A Node-Aware Dynamic Quantization Approach for Graph Collaborative Filtering
- URL: http://arxiv.org/abs/2508.16516v1
- Date: Fri, 22 Aug 2025 16:39:53 GMT
- Title: A Node-Aware Dynamic Quantization Approach for Graph Collaborative Filtering
- Authors: Lin Li, Chunyang Li, Yu Yin, Xiaohui Tao, Jianwei Zhang,
- Abstract summary: Graph based Node-Aware Dynamic Quantization training for collaborative filtering (GNAQ)<n> GNAQ is capable of maintaining the performance of full-precision models while reducing their model sizes by 8 to 12 times.

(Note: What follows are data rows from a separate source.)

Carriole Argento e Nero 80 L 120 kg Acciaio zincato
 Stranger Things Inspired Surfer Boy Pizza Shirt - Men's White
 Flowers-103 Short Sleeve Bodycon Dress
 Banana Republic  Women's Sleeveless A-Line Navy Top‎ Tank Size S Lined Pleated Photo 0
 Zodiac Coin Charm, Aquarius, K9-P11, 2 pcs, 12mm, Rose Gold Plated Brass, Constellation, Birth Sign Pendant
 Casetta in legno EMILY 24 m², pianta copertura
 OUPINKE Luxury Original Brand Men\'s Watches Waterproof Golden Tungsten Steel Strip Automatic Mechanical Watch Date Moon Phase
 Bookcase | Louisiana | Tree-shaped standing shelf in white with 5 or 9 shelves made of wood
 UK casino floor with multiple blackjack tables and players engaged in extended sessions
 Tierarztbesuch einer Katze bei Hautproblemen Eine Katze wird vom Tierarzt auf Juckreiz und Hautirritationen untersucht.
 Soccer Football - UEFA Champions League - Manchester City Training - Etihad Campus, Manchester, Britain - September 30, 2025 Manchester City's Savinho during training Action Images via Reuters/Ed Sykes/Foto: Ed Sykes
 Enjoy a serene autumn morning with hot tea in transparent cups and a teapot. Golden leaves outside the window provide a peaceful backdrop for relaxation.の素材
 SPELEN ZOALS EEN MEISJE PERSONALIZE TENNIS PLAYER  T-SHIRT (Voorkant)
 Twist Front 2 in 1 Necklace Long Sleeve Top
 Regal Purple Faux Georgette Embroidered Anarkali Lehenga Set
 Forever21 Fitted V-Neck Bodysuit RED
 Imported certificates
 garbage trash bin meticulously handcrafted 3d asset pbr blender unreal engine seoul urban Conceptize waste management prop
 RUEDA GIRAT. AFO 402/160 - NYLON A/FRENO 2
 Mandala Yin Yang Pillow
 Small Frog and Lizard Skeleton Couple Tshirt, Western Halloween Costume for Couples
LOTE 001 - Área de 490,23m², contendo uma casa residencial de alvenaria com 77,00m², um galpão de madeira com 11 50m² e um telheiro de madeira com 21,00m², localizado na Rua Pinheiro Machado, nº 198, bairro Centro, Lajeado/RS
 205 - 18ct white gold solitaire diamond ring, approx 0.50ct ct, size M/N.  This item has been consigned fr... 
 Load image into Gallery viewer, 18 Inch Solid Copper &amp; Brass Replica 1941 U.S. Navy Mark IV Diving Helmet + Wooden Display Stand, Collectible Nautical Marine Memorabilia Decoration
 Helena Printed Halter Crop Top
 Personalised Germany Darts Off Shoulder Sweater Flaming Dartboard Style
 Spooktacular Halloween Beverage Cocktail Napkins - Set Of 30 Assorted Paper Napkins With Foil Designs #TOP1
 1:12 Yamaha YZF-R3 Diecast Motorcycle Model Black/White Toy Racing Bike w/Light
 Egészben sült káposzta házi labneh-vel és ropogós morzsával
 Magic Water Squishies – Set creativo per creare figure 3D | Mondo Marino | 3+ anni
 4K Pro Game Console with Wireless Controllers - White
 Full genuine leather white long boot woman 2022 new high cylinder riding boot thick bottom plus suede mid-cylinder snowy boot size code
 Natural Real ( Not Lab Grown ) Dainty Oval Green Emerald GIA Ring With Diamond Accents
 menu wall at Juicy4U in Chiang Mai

- Score: 15.016724431881087
- License: http://arxiv.org/licenses/nonexclusive-distrib/1.0/
- Abstract: In the realm of collaborative filtering recommendation systems, Graph Neural Networks (GNNs) have demonstrated remarkable performance but face significant challenges in deployment on resource-constrained edge devices due to their high embedding parameter requirements and computational costs. Using common quantization method directly on node embeddings may overlooks their graph based structure, causing error accumulation during message passing and degrading the quality of quantized embeddings.To address this, we propose Graph based Node-Aware Dynamic Quantization training for collaborative filtering (GNAQ), a novel quantization approach that leverages graph structural information to enhance the balance between efficiency and accuracy of GNNs for Top-K recommendation. GNAQ introduces a node-aware dynamic quantization strategy that adapts quantization scales to individual node embeddings by incorporating graph interaction relationships. Specifically, it initializes quantization intervals based on node-wise feature distributions and dynamically refines them through message passing in GNN layers. This approach mitigates information loss caused by fixed quantization scales and captures hierarchical semantic features in user-item interaction graphs. Additionally, GNAQ employs graph relation-aware gradient estimation to replace traditional straight-through estimators, ensuring more accurate gradient propagation during training. Extensive experiments on four real-world datasets demonstrate that GNAQ outperforms state-of-the-art quantization methods, including BiGeaR and N2UQ, by achieving average improvement in 27.8\% Recall@10 and 17.6\% NDCG@10 under 2-bit quantization. In particular, GNAQ is capable of maintaining the performance of full-precision models while reducing their model sizes by 8 to 12 times; in addition, the training time is twice as fast compared to quantization baseline methods.